My rules:
coming string always starts with '(' and ends with ')'.
and the 'a' and 'o' chars between id's C1,C2,C3.. are my operands.
after i can parse and get the divided strings i will do an bool
operation like, (C1aC2) string1:C1 operand:a string2:C2 ,do '&'
operation - > C1 & C2 -> 1 & 1 = 1 . This point is not so important.
Lets say that all the operands are 'a'. Mainly the last & last string
will be (C1aC2). because coming string could not be simple. Most
complex could be ((C1aC2)aC3)a(C6a(C4aC5)).

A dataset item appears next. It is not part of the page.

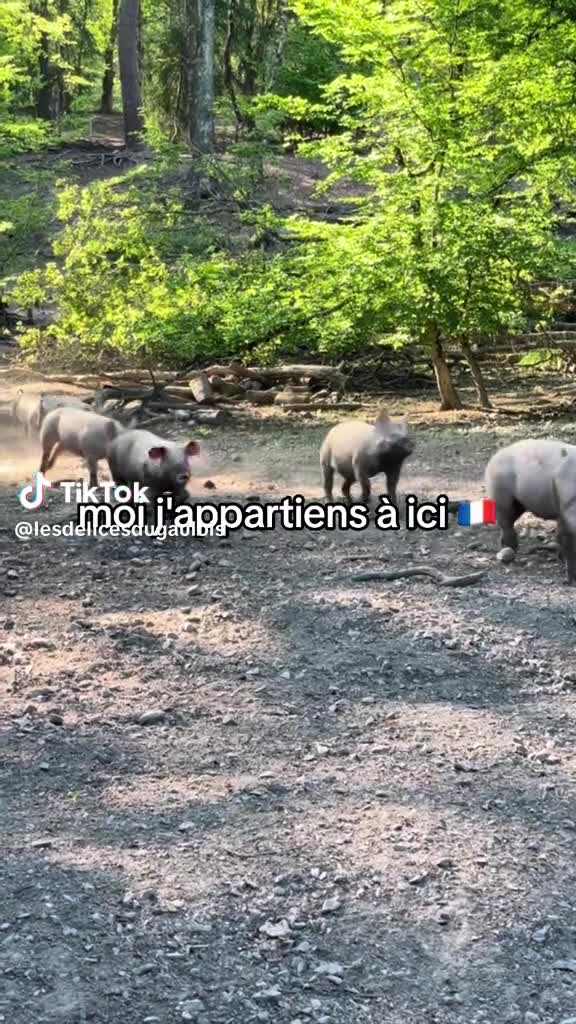 Vidéo unique thumbnail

What i want is, as you see if we compare the paranthesis,i have to
find the most middle operand and the strings between it -> string1:
((C1aC2)aC3) operand:a string2
C6a(C4aC5))
then recursively, i will divide new strings until they form the
simplest one like,
((C1aC2)aC3)
string1
C1aC2) operand:a string2:C3
(C6a(C4aC5))
string1:C6 operand:a string2
C4aC5)
((C1aC2)aC3)
then;
(C1aC2)
string1:C1 operand:a string2:C2
(C4aC5)
string1:C4 operand:a string2:C5
this is last point of my parser, i only need to divide string phase by
phase. thanks for reading
Okay, so you do end up dividing them to the very end. And no spaces in
the input either, right?
I think that what you really want to get in the end here is a parse
tree, not just a bunch of strings (it will be easier to process it
later on). In your case, the only three kinds of nodes in the tree
would be "a", "o", and "C". Let's define them:
// Quick & dirty... in production code you'll probably want to make
those immutable, use properties over fields, and add constructors
abstract class Node { }
class ANode : Node { public Node Left; public Node Right; }
class ONode: Node { public Node Left; public Node Right; }
class CNode: Node { public int N; }
Now, your original example:
((C1aC2)aC3)o(C6a(C4aC5))
would be described with the following tree:
new ONode {
Left = new ANode {
Right = new ANode {
Left = new CNode { N = 1 },
Right = new CNode { N = 2 }
},
Left = new CNode { N = 3 }
},
Right = new ANode {
Left = new CNode { N = 6 },
Right = new ANode {
Left = new CNode { N = 4 },
Right = new CNode { N = 5 },
}
}
}
It probably easiest to get the tree with a simple hand-written
recursive descent parser operating directly on strings. Something
along these lines:
static Node Parse(string input)
{
// add a sentinel value for easy parsing.
input += '\0';
int index = 0;
var tree = ParseAOExpr(input, ref index);
// make sure input was fully parsed
if (input[index] != '\0')
{
throw new Exception("Expected end of input at " + index);
}
return tree;
}
// AOExpr is an expression of form "X", "XaY" or "XoY", where X
and Y are CExprs or groups.
static Node ParseAOExpr(string input, ref int index)
{
// parse X
var x = ParseCExprOrGroup(input, ref index);
// see if we have an operator there or not
char op = input[index];
switch (op)
{
case 'a':
case 'o':
{
// consume the operator
++index;
// parse Y;
var y = ParseCExprOrGroup(input, ref index);
if (op == 'a')
{
return new ANode { Left = x, Right = y };
}
else
{
return new ONode { Left = x, Right = y };
}
}
default:
return x;
}
}
// CExpr is an expression of form "Cddd", where ddd is a sequence
of digits of arbitrary length.
// Group is an expression of form "(X)", where X is an AExpr
static Node ParseCExprOrGroup(string input, ref int index)
{
switch (input[index])
{
case '(':
{
// consume opening brace
++index;
// recursively parse what follows the opening
brace
var x = ParseAOExpr(input, ref index);
// index should point at the closing brace now
if (input[index] != ')')
{
throw new Exception("Closing brace expected at
" + index);
}
// consume closing brace
++index;
return x;
}
case 'C':
{
// consume 'C'
++index;
// consume all digits following 'C'
string sn = "";
while (char.IsDigit(input[index]))
{
sn += input[index];
++index;
}
if (sn.Length == 0)
{
throw new Exception("At least one digit
expected at " + index);
}
return new CNode { N = int.Parse(sn) };
}
default:
throw new Exception("Expected 'C' or '(' at " +
index);
}
}
Again, this is quick & dirty - you'd probably want to use a distinct
exception type for error reporting, not hardcode the messages in, etc.